In the listing that follows, print every line exactly and leave the images out.

**GIVEN INFORMATION**.
━━━━━━

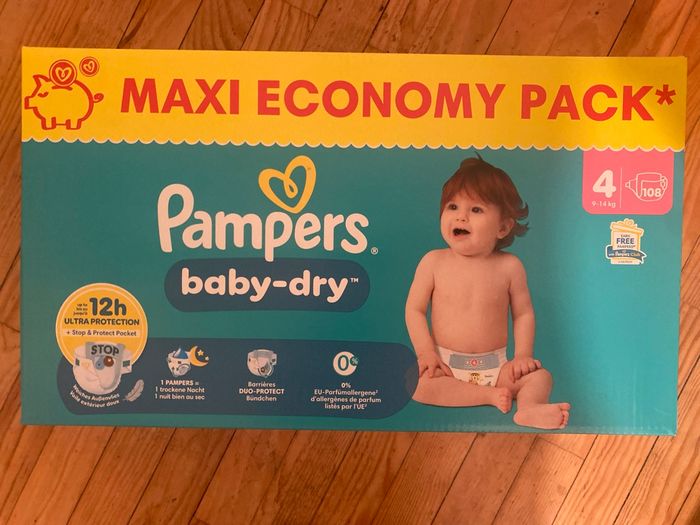Couches Pampers T4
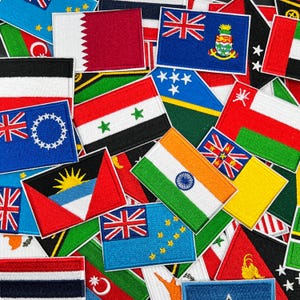 May include: A collection of rectangular embroidered patches featuring various national flags, including those of Qatar, Syria, India, and Tuvalu, arranged in a dense, overlapping pile with vibrant colors and detailed stitching visible.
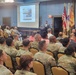 A formal military briefing or presentation is taking place at Fort Buchanan, as indicated by the podium signage. A civilian speaker addresses an audience composed primarily of U.S. Army soldiers in OCP (Operational Camouflage Pattern) uniforms, along with some civilians. The projected slide on screen references 'Antiterrorism Awareness Month' and a '17th Annual Antiterrorism' event.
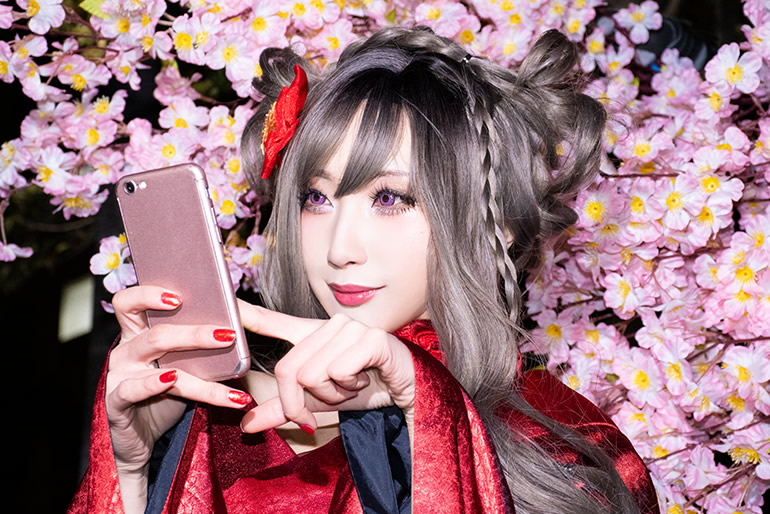 桜を背景に、撮影した写真をスマホで確認する赤い着物の女性の写真。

━━━━━━

**TASK SOLUTION**.
Couches Pampers T4
 May include: A collection of rectangular embroidered patches featuring various national flags, including those of Qatar, Syria, India, and Tuvalu, arranged in a dense, overlapping pile with vibrant colors and detailed stitching visible.
 A formal military briefing or presentation is taking place at Fort Buchanan, as indicated by the podium signage. A civilian speaker addresses an audience composed primarily of U.S. Army soldiers in OCP (Operational Camouflage Pattern) uniforms, along with some civilians. The projected slide on screen references 'Antiterrorism Awareness Month' and a '17th Annual Antiterrorism' event.
 桜を背景に、撮影した写真をスマホで確認する赤い着物の女性の写真。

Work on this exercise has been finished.